UNITED STATES DISTRICT COURT SOUTHERN DISTRICT OF OHIO EASTERN DIVISION

RAMONE L. WRIGHT,

Petitioner, Case No. 2:21-cv-4317 v. Judge Michael H. Watson Magistrate Judge Kimberly A. Jolson FRANKLIN COUNTY MUNICIPAL COURT,

Respondent.

REPORT AND RECOMMENDATION

Petitioner Ramone L. Wright seeks a writ of habeas corpus under 28 U.S.C. § 2254 (Doc. 1). Petitioner seeks expungement of a conviction as part of the judgment of a state court in a criminal action.1 The case has been referred to the Undersigned pursuant to 28 U.S.C. § 636(b) and Columbus General Order 14-1 regarding assignments and references to Magistrate Judges.

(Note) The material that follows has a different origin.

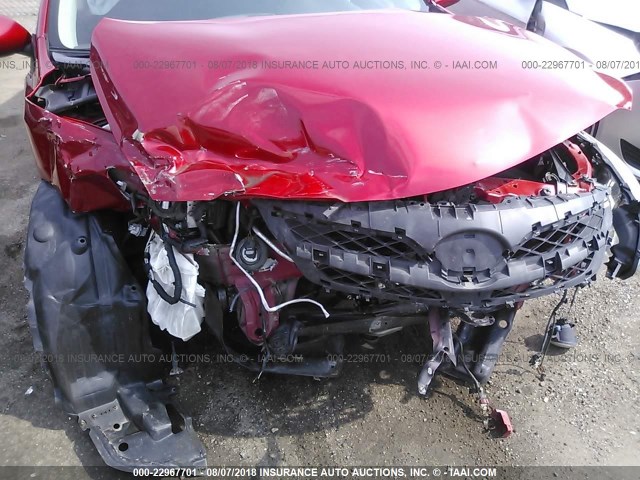 2T1BU4EE5BC552451 - 2011 TOYOTA COROLLA S/LE RED photo 6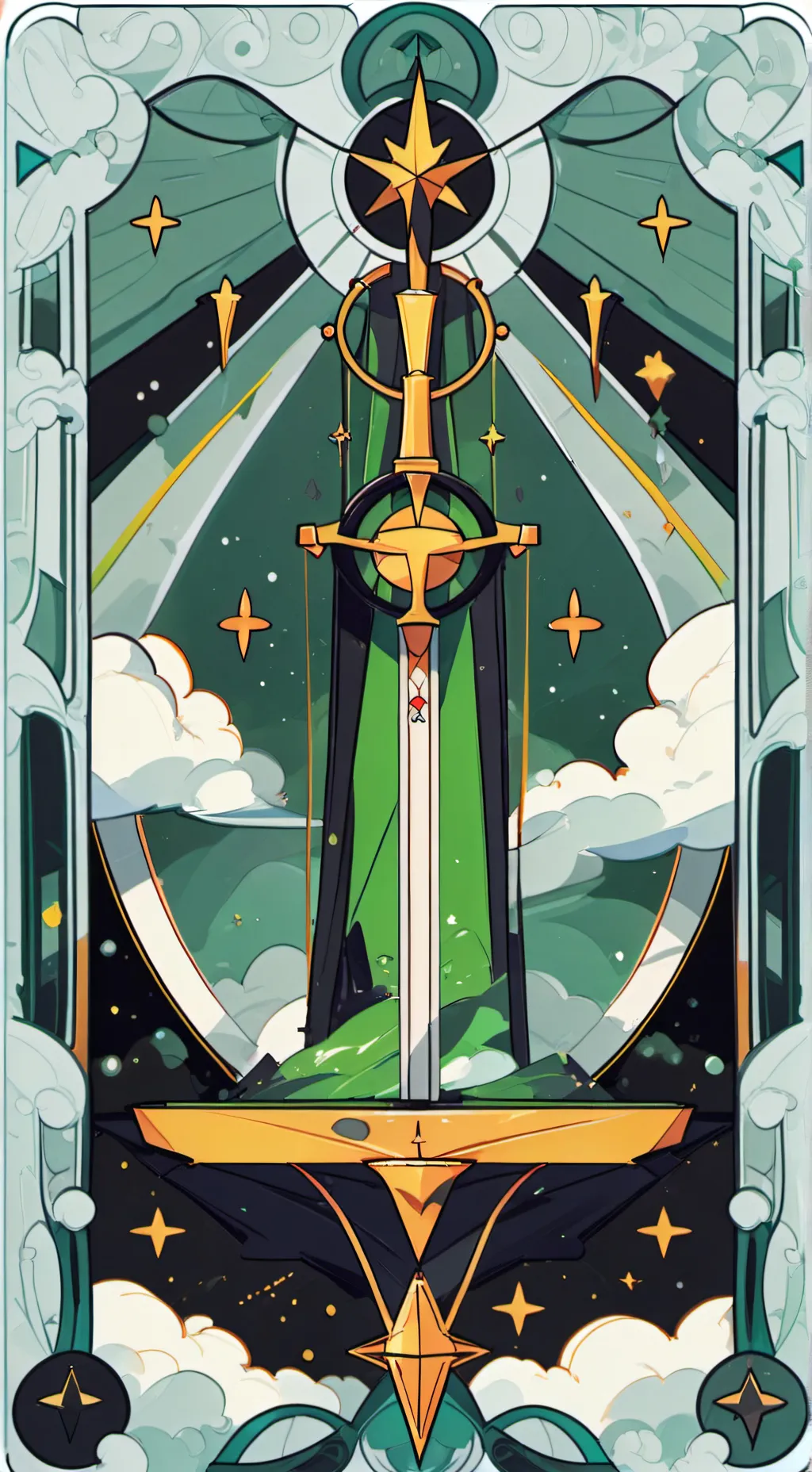 ai character: stud background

Pursuant to Rule 4 of the Rules Governing Section 2254 Cases in the United States District Court (“Rule 4”), this Court must conduct a preliminary review to determine whether “it plainly appears from the face of the petition and any attached exhibits that the petitioner is not entitled to relief in the district court . . . .” If it does so appear, the petition must be dismissed. Id. Rule 4 allows for the dismissal of petitions that raise legally frivolous claims, as well as petitions that contain factual allegations that are palpably incredible or false. Carson v. Burke, 178 F.3d 434, 436–37 (6th Cir. 1999). Here, for the reasons that follow, it plainly appears from the face of the petition that Petitioner is not entitled to relief, as his claim is time-barred, procedurally defaulted,

1 The undersigned notes that Petitioner is in federal, rather than state, custody (Petition, Doc. 1, PageID 1), and thus cannot obtain relief under 28 U.S.C. § 2254. However, for the reasons set forth below, his Petition would be no more availing as a Motion to Vacate or Set Aside Sentence under 28 U.S.C. § 2255. and the relief he seeks is not available under 28 U.S.C. § 2254 or § 2255. The Undersigned therefore RECOMMENDS that the Petition be DENIED and that this action be DISMISSED. I. FACTUAL BACKGROUND AND PROCEDURAL HISTORY The procedural history in this case is unusual. On April 1, 2009, Petitioner pled guilty in Franklin County, Ohio, Municipal Court to one count of failure to reinstate a license. (Doc. 1 at

PageID 1). Petitioner’s license was suspended for ten days and he was sentenced to thirty-nine days in jail. The entire jail sentence was suspended, and Petitioner does not claim that he was ever incarcerated. (See Case No. 2009 TR D 116533).2 Petitioner did not appeal the conviction or file a postconviction petition. (Doc. 1 at PageID 2, 3). On February 13, 2017, Petitioner was sentenced for federal crimes that caused him to be incarcerated at FCI Hazleton. (Id. at PageID 1; Case No. 2:16-cr-59, ECF No. 47, PageID 111). Petitioner does not challenge the federal convictions or incarceration in the instant Petition. Rather, he seeks expungement of the municipal court conviction. (Id. at PageID 15). He claims actual innocence and that his conviction was the product of the prosecutor tampering with evidence. (Id. at PageID 5, 12, (citing Hazel-Atlas Glass Co. v.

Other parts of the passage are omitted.